Especially as you'd think the middle class in Britain would say: "Oh I can see what Hamas were trying to do by pulling that wall down, they've knocked the ghetto and the desert into one which will give them so much more light in the summer." Maybe that will put them in huge demand, so Hamas will get calls all day from people saying: "Hello, I wonder if you could give me an estimate for knocking down a dividing wall between a living room and reception room, I hear you're very reliable."
But instead it's been reported as just about acceptable, but not the sort of unruly behaviour to be approved of. Or it's seen as frivolous, such as the report in The New York Times that reads: "Palestinians used a bulldozer to knock down a portion of the wall and continue a shopping spree." A shopping spree? Do they think the leadership of Hamas said: "Oooh my goodness, have you seen the spring collection on display in the Sinai Desert branch of Debenhams? They've got the cutest little calf-length boots that were made with me in mind. If I don't have them I'll die – get the Semtex and the detonator."
Or maybe there were radio adverts across the occupation with a couple of actors gasping "Where is everyone running to?" "We're all off to the Sinai springtime sale where prices are so crazy they're not just up the wall, they're through the wall. So hurry hurry hurry and remember – you can afford a smash through the border."
The Palestinian "shopping spree" has kept them from starving, freezing or otherwise dying. Because for eight months the whole place has been shut off from the outside world, deliberately. Even yesterday, an aid convoy consisting of Israelis who'd brought five tons of food was refused entry into Gaza by the Israeli authorities. Maybe they'll claim the rice created a "security risk". Because Palestinian terrorists could place it by the border and pour boiling water over it, making it expand into Israeli territory and covering the settlements with starch.

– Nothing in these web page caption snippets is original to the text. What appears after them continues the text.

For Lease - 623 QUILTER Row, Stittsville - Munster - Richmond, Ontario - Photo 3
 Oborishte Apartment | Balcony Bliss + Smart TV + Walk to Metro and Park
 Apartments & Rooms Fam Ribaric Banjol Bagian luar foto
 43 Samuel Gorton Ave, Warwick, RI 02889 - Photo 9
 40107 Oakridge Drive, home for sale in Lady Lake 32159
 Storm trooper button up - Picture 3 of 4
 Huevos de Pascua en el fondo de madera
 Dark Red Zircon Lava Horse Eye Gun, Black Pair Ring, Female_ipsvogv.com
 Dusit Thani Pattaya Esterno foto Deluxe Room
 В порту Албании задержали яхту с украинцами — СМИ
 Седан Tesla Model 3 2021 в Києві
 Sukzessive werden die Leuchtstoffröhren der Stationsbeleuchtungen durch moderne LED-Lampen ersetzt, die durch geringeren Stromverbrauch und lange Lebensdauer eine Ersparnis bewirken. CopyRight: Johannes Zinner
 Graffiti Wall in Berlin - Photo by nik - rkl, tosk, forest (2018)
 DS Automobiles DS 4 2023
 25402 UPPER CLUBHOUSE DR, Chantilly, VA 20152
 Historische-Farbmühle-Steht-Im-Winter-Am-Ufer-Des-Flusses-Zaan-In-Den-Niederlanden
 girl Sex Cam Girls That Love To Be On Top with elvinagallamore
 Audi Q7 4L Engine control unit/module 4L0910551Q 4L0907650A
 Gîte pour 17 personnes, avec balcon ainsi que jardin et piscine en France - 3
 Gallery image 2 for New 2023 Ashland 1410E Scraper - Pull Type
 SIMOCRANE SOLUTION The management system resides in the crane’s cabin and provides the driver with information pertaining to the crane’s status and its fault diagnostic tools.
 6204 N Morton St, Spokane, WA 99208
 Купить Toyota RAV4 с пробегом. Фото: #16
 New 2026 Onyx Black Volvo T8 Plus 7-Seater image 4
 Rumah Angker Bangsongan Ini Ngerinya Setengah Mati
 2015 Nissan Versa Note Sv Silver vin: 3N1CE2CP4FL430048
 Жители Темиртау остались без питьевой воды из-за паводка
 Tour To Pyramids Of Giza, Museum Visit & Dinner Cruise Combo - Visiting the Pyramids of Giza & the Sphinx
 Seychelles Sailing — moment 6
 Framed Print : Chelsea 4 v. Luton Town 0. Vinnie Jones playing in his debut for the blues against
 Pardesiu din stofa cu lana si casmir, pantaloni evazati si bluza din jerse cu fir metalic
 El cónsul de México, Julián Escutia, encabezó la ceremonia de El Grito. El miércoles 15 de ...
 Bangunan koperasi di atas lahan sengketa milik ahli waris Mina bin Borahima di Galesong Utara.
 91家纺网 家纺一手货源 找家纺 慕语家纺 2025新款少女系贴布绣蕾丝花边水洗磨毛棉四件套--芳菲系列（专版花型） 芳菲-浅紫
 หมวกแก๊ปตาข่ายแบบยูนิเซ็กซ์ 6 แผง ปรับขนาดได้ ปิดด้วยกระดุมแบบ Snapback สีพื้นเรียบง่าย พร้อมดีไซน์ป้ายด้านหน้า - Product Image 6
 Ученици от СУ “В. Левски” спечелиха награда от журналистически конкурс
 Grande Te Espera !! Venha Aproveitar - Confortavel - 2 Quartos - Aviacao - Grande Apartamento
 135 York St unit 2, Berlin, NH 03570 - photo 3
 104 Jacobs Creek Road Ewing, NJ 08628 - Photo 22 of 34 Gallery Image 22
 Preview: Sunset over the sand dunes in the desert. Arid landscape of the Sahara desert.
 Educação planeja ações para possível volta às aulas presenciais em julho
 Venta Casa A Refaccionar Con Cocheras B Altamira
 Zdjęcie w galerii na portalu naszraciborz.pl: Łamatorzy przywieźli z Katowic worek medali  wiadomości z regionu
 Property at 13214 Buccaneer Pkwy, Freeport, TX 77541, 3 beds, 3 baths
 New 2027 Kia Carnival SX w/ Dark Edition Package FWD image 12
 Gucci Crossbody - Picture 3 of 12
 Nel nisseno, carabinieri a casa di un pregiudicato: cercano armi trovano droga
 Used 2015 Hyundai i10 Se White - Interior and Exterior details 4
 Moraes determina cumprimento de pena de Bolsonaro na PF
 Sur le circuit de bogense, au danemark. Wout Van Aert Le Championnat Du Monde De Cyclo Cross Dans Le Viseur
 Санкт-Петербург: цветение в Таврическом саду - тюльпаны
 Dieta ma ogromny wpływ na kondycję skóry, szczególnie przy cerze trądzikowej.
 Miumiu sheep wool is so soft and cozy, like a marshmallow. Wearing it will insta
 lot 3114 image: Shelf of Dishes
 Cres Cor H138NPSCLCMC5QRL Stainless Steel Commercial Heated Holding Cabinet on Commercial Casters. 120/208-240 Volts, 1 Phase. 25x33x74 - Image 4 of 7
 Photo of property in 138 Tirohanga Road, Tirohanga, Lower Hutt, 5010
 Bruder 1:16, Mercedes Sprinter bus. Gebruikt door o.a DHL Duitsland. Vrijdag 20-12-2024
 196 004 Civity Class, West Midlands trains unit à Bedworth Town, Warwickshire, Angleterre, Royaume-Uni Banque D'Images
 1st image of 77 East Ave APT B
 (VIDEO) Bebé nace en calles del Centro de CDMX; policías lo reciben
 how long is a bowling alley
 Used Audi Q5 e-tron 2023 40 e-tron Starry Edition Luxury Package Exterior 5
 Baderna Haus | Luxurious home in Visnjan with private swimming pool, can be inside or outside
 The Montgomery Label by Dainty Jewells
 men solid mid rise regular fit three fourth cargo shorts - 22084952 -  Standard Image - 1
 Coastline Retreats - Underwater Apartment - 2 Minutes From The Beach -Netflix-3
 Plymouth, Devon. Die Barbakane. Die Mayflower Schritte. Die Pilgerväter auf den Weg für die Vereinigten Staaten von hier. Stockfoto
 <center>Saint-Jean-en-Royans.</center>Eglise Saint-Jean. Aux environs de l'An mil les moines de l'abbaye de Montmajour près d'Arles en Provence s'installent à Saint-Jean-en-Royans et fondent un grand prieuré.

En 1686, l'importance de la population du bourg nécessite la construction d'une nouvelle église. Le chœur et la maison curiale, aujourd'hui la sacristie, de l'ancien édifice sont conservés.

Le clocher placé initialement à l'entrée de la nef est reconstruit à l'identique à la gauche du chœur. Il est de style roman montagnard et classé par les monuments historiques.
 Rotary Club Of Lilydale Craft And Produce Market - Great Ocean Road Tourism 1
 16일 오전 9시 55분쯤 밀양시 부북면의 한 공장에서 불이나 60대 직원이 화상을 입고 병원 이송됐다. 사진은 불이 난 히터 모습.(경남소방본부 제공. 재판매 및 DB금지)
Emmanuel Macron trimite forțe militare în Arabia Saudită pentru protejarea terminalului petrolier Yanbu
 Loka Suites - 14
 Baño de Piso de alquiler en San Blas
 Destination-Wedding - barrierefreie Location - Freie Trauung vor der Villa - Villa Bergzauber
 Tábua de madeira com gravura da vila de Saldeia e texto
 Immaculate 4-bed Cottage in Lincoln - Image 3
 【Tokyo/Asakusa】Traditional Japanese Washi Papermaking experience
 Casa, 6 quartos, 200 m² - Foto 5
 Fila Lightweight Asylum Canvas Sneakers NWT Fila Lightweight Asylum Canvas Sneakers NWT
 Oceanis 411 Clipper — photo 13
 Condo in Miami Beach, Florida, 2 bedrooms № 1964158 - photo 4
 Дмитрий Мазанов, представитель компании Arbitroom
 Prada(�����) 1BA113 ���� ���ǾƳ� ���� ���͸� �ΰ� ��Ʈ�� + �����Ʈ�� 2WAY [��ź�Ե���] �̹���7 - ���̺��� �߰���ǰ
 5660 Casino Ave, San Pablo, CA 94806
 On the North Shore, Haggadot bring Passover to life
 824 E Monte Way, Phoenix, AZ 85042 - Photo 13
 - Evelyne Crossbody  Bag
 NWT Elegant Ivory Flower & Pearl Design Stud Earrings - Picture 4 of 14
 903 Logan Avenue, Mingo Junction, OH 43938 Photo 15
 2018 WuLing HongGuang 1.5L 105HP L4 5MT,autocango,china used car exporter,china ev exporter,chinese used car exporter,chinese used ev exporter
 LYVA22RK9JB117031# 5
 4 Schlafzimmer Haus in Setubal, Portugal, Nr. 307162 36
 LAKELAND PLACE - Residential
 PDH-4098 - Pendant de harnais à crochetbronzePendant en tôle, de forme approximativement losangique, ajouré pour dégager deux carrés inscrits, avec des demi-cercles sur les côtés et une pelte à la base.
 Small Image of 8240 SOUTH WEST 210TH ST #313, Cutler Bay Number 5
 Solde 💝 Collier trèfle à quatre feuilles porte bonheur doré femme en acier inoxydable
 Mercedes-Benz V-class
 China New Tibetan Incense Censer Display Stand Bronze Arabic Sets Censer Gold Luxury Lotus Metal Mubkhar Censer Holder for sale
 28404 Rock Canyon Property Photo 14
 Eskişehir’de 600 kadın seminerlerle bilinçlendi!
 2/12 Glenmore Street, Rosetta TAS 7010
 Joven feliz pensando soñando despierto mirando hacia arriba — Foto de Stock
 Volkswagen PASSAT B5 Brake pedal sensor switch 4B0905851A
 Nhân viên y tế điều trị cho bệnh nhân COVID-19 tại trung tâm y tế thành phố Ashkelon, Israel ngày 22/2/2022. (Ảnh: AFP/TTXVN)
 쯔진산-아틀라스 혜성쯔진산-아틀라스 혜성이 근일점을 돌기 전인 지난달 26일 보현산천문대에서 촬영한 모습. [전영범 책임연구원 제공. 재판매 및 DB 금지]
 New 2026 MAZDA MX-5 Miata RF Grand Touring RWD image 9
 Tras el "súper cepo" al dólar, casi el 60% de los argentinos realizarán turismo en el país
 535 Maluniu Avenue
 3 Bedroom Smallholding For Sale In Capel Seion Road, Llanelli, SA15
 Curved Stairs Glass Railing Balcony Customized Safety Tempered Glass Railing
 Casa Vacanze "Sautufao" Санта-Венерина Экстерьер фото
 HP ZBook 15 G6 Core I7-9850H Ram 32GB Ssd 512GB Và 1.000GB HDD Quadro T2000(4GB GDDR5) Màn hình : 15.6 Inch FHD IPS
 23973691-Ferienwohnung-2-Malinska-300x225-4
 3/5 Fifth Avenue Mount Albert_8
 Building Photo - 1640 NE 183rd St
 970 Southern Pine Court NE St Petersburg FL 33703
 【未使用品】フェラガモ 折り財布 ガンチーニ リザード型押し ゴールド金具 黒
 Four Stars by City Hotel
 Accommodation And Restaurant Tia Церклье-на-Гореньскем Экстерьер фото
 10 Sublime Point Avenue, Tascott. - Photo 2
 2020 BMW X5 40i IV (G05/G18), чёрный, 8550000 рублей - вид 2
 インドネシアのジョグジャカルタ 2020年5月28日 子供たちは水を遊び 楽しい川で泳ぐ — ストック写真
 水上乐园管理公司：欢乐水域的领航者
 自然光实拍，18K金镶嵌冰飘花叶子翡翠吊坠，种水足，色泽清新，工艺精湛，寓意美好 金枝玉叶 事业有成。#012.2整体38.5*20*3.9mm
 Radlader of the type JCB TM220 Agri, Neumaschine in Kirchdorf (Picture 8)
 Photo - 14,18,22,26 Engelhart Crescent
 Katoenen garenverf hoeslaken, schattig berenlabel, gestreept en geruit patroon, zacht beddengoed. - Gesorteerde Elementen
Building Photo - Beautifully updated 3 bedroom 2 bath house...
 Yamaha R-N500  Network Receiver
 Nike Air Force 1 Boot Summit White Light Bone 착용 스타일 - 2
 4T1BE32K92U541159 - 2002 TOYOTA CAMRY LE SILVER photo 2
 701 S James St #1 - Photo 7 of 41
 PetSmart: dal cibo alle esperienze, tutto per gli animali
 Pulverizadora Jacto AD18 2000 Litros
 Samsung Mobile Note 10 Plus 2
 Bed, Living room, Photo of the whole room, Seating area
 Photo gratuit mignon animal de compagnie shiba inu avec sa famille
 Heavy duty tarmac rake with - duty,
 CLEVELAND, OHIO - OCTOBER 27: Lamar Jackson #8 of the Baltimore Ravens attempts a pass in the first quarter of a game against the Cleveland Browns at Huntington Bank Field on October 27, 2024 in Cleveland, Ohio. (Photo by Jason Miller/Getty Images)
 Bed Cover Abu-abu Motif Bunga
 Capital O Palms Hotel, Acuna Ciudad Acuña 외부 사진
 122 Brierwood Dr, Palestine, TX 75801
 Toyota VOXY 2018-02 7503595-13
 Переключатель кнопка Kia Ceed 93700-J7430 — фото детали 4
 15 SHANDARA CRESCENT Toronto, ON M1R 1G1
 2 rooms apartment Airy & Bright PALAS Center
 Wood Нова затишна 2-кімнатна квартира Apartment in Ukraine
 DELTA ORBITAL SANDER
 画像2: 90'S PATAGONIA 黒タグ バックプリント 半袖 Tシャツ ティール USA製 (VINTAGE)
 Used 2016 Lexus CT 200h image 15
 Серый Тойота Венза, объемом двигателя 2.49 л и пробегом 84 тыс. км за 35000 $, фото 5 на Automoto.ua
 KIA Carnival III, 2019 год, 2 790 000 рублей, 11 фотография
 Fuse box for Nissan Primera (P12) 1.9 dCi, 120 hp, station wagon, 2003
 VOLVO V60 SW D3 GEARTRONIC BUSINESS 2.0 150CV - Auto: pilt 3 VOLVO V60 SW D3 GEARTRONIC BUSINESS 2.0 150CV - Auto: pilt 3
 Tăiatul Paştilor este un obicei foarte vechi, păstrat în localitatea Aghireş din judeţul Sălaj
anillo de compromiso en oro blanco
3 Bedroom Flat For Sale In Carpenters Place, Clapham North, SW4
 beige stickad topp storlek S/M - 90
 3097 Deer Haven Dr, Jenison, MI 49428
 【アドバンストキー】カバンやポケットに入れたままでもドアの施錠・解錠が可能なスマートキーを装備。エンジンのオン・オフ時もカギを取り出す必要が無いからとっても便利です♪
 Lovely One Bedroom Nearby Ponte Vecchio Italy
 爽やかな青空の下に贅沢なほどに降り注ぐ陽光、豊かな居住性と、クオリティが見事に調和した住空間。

This approach has been described by the Israelis as "collective punishment". So Prime Minister Olmert said: "We must show the population it cannot shed itself of responsibility for the situation." This could lead to an unexpected development, because that sounds similar to the crazed logic of the jihadist who blows up civilians on buses and Tubes. So maybe the next twist in Middle-East politics is that the Israeli government will join al-Qa'ida.
The problem for the media is that people escaping for bread, diesel and fags are spoiling Israel's strategy, so that can't be celebrated, as that would appear biased. It's as if, after Comic Relief night, the BBC had to have an evening in favour of starvation in the interests of being neutral.
And yet by every account it's a classic feelgood story. It's even a marvellous example of religious unity, as Hamas have followed the lesson of Moses by leading people out of danger through Egypt. One woman was reported as saying: "Now I can visit my daughter who I haven't seen for four years." When the Berlin Wall came down, that sort of comment signalled universal rejoicing, but this meets with disapproval from Western governments, mostly because they've denounced Hamas as terrorists and refused to talk to them, even when they've won elections.
But maybe blowing up walls to save people's lives is the sort of thing that makes Hamas popular. Politicians here are always complaining they're disconnected from the population, so this might be the way to engage with the voters. To start with, they could blow up the border between first and second class on inter-city trains, and as reporters gasped "behind me are the most astonishing scenes, as these poor wretched creatures, crammed against each other in corridors for so long have literally poured into the empty caverns of first class, where they can at last breathe, and see close-up for the first time the puffy headrests and peculiar posh purple lamps", their popularity would soar.